With the decision to trade DE Charles Harris, the Miami Dolphins have opened up the door to an alternative method to pooling late round NFL Draft picks for next year’s 2021 draft. Considering the Dolphins will not be eligible for compensatory picks due to their spending in 2020, the team is going to have to get more resourceful in order to manufacture extra NFL Draft selections on top of the ten selections they’re already scheduled for, including two in each of the first two rounds.
The trade of Harris is a good start. The Dolphins were able to take a player who was almost assuredly not going to make the team and flip him into a 7th-round draft selection, which Miami could use as a piece to trade up in the draft, flip for a veteran at a discount or use as a lottery ticket and make a selection in the draft with.
Who else might be sensible trade candidate for the Dolphins as they look to stockpile picks for next year’s NFL Draft? Here are three sensible candidates who could be moved.
OT Julien Davenport
Davenport came over to the Dolphins courtesy of the Laremy Tunsil deal — he was effectively a “throw in” player to help the Dolphins swallow the prospect of dealing away their left tackle and not having a feasible player to step in behind him. But Davenport is also a 25-year old offensive tackle with plenty of physical tools. He entered the league with the knowledge of needing time and patience to develop and, with a $2.13M salary, he’s fairly cheap.
Davenport might become expendable if Austin Jackson wrangles the starting tackle job from the jump — although his expendability may hinge on the competency of OGs Solomon Kindley and Michael Deiter, too. If they perform well enough to push veteran OL Jesse Davis from the starting line up so he can serve as a utility blocker and as the swing tackle, Davenport may be worth flipping for a late pick to a tackle hungry team.
RB Kalen Ballage
Consider Ballage in the same boat as Harris. He’s as good as gone based on the Dolphins’ roster decisions. But is there a team out there that liked Ballage in the pre-draft process who would be willing to take a late flyer on him? If that’s the case, the Dolphins shouldn’t think twice. Between the new bodies in Jordan Howard, Matt Breida and Malcolm Perry — plus Ballage being third on the returning RB pecking order behind Patrick Laird and Myles Gaskin — this transaction is a no brainer if they get a suitor.
QB Josh Rosen
Yes, it is that time of year again for Josh Rosen. For the second consecutive year, the former top-10 overall pick has seen his team draft a quarterback in the top-5 of the NFL Draft. It’s an unfortunate set of circumstances for Rosen, whose NFL career has been anything but stable thus far. The Dolphins rolled the dice on him in 2019, hoping to skip the line in needing to draft a quarterback by picking him up at a discount. It didn’t work.

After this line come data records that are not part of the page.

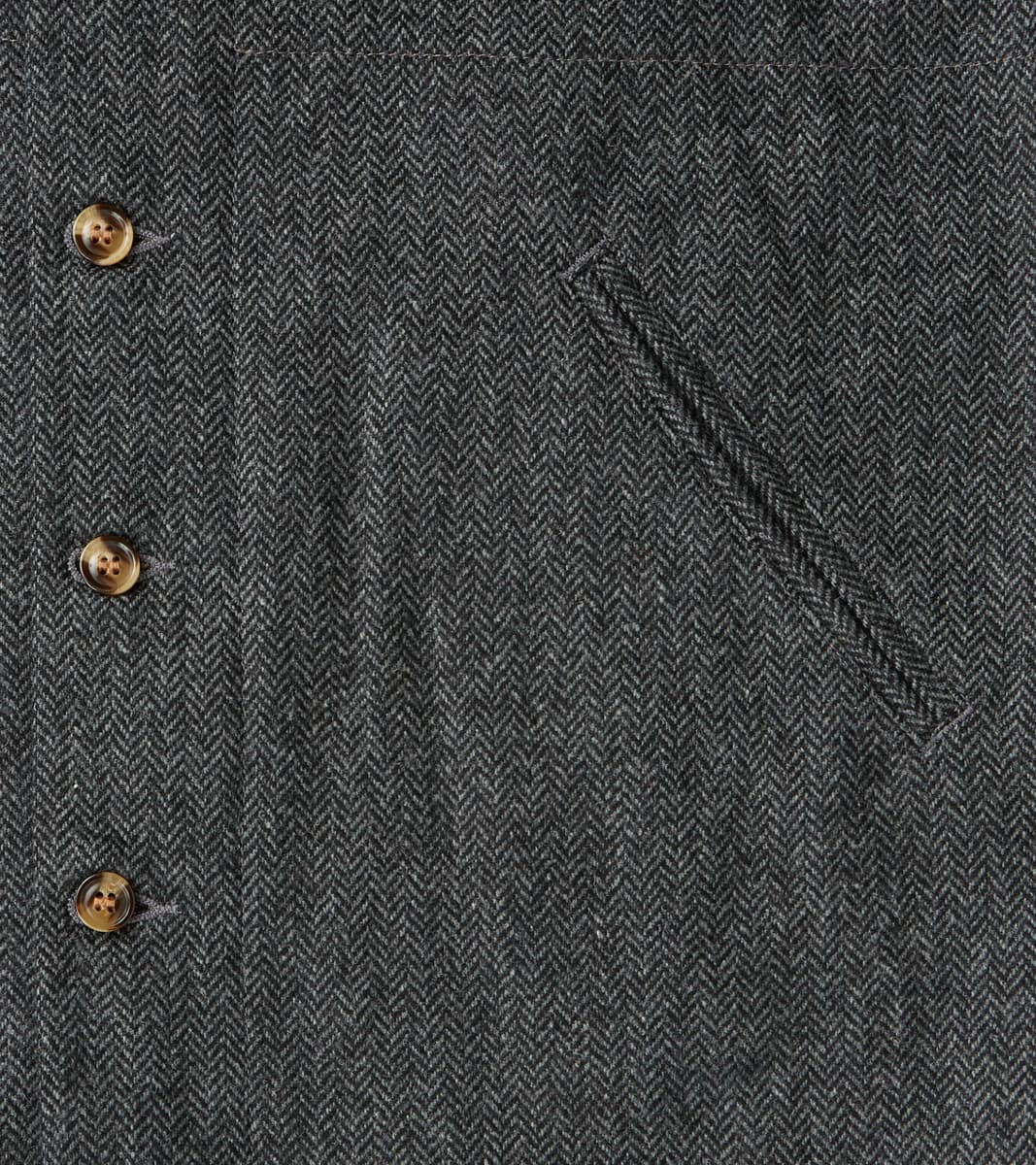 Crissman Overshirt - Abraham Moon® Merino Herringbone - Charcoal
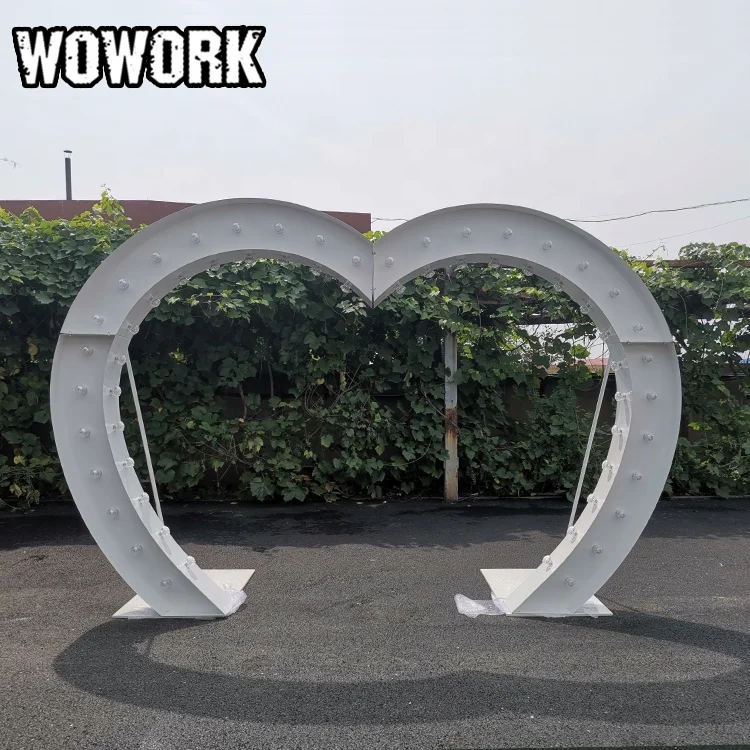 2025 WOWORK Giant Led Lighted White Metal Frame Heart Shaped Arches for Wedding Props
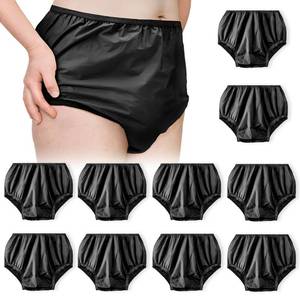 lot 38429 image: 10 Pcs Adult Plastic Diaper Cover Pull-On Cover Plastic Pants Reusable Incontinence Waterproof Pants(X-Large,Black) - Retail $20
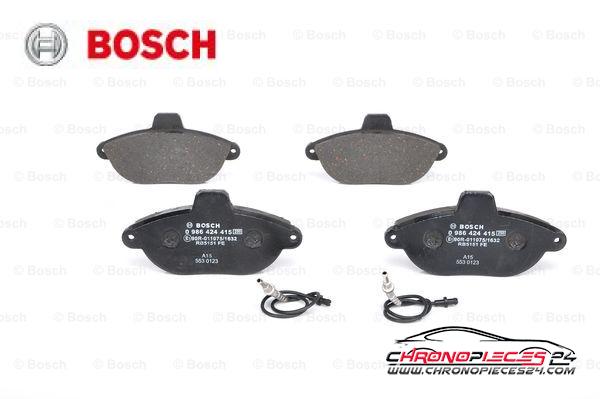 Achat de BOSCH 0 986 424 415 Kit de plaquettes de frein, frein à disque pas chères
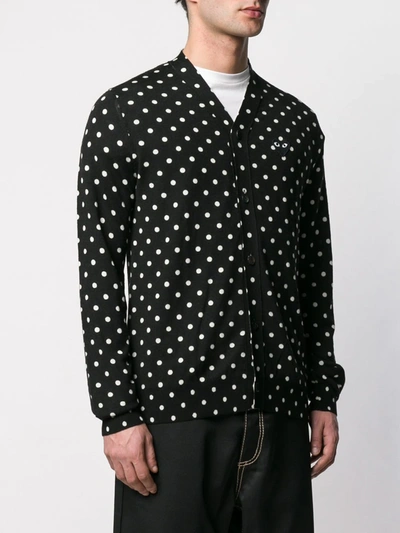 Comme Des Garçons Play Dot Print Wool Cardigan With Black Emblem In Black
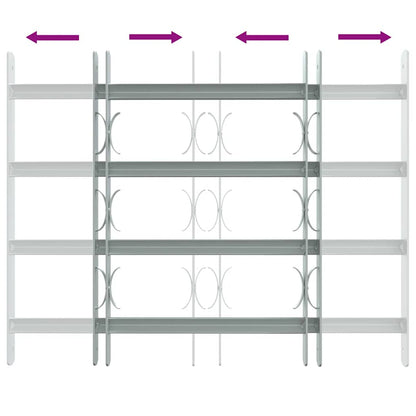 Adjustable Security Grille for Windows with 4 Crossbars 500-650 mm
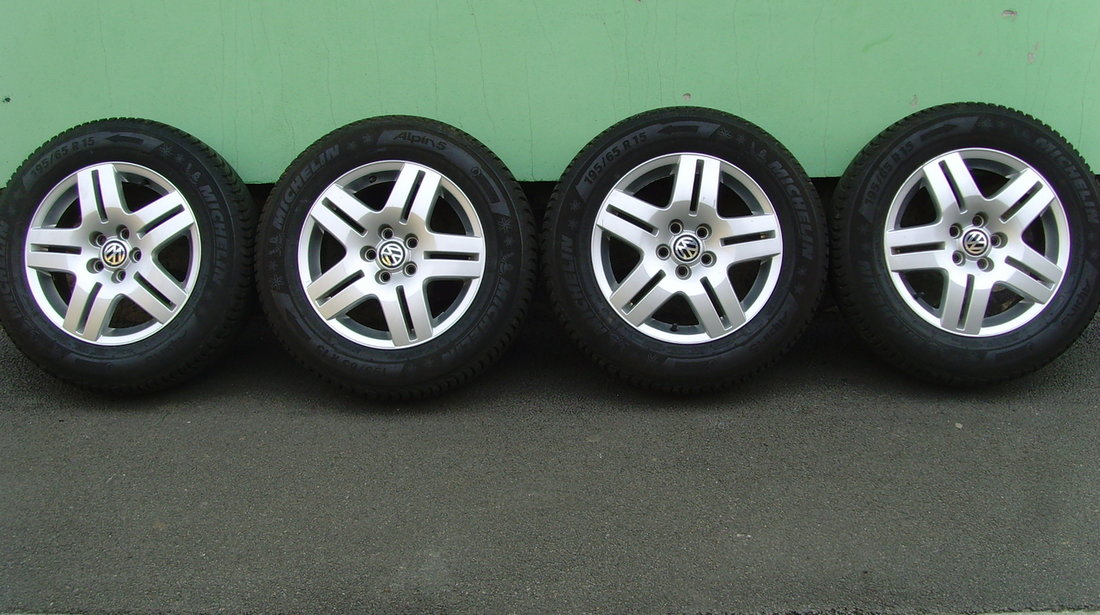 Jante aliaj Avus2, 5x100 pe 15 orig.VW Golf 4,Bora,(Octavia)/cauc.iarna 195/65R15 Michelin Alpin5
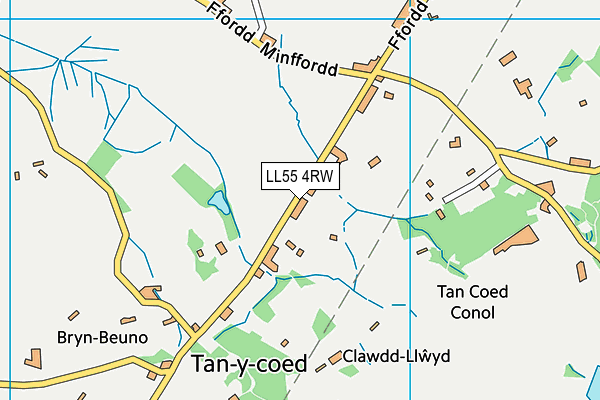 LL55 4RW map - OS VectorMap District (Ordnance Survey)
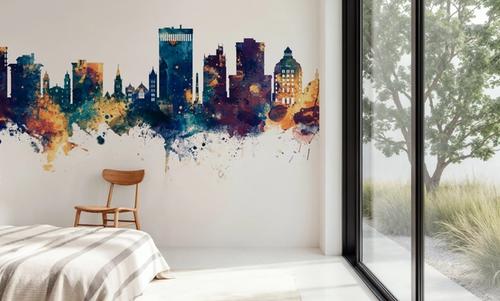 Asheville North Carolina Skyline Blue & Bronze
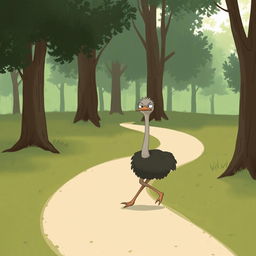 In a serene forest, a cute gray ostrich struts along a winding path with a visibly frustrated expression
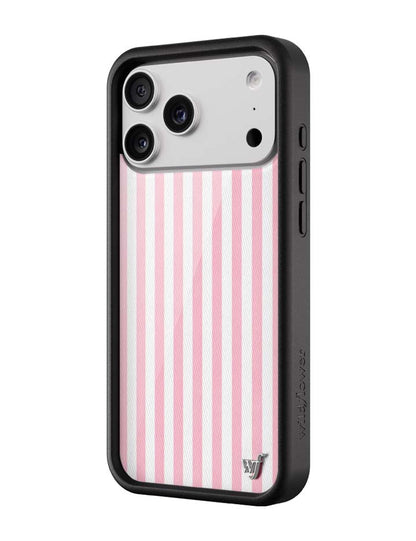 Wildflower iPhone case 17 Pro Max Pink Stripes White Classic Cute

The challenge for Miami now is that when you consider his youth, cost, positional value, the investment Miami made to acquire him, the age of starter Ryan Fitzpatrick and the durability questions with new quarterback Tua Tagovailoa, Rosen is probably worth more to the Dolphins as a cheap developmental backup who may see his stock rebound with some long-term investment and coaching than he’d be worth in a trade. The Dolphins would need to get close to their initial investment to move Rosen and with veteran quarterbacks Andy Dalton and Cam Newton on the free agent market, it is hard to imagine a team will pony up draft picks to acquire the unknown when there are far superior quarterbacks on the open market.